> **Task instructions**
Look through the entries below and extract exactly the lines from the one containing "NORTH HOBE SOUND SHORES - Residential" through the one containing "In Donnalucata mit Grill und Terrasse-Binnen", ends included.

> **Exercise data**

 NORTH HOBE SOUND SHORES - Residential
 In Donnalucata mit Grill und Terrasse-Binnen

* * *

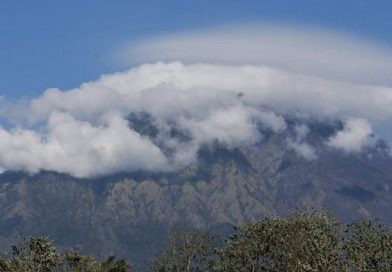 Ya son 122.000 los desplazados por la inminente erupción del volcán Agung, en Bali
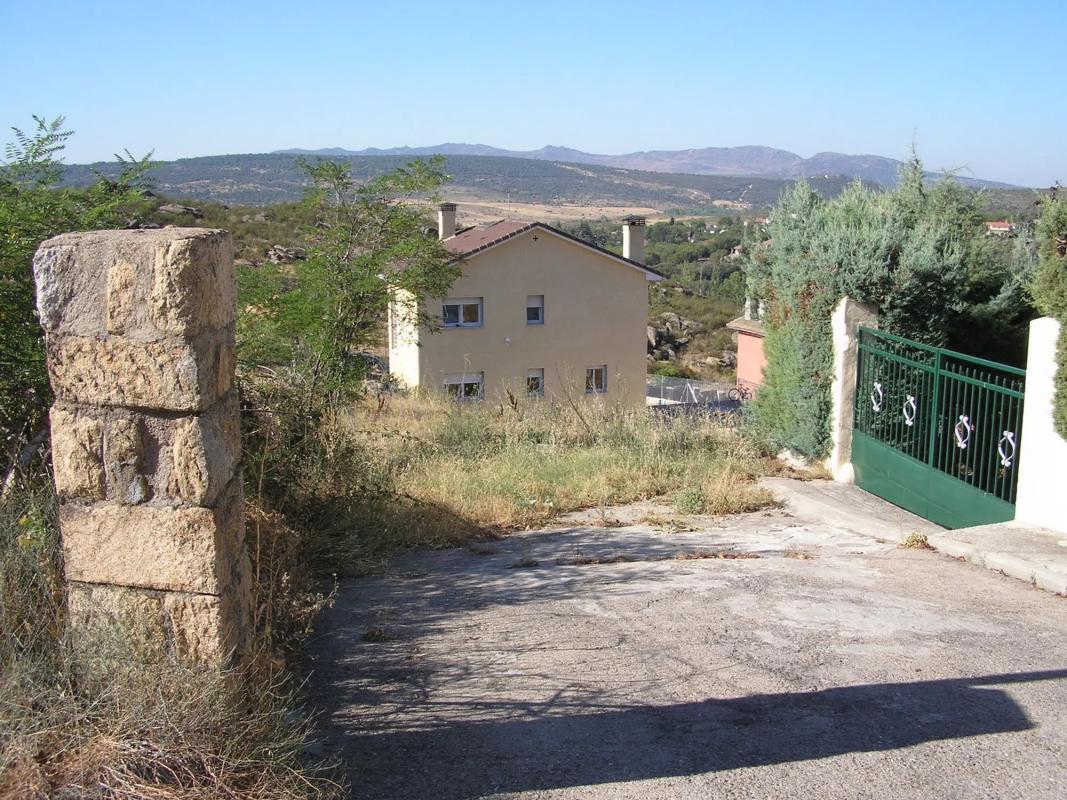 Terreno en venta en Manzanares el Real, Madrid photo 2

> **Response to the task**
 NORTH HOBE SOUND SHORES - Residential
 In Donnalucata mit Grill und Terrasse-Binnen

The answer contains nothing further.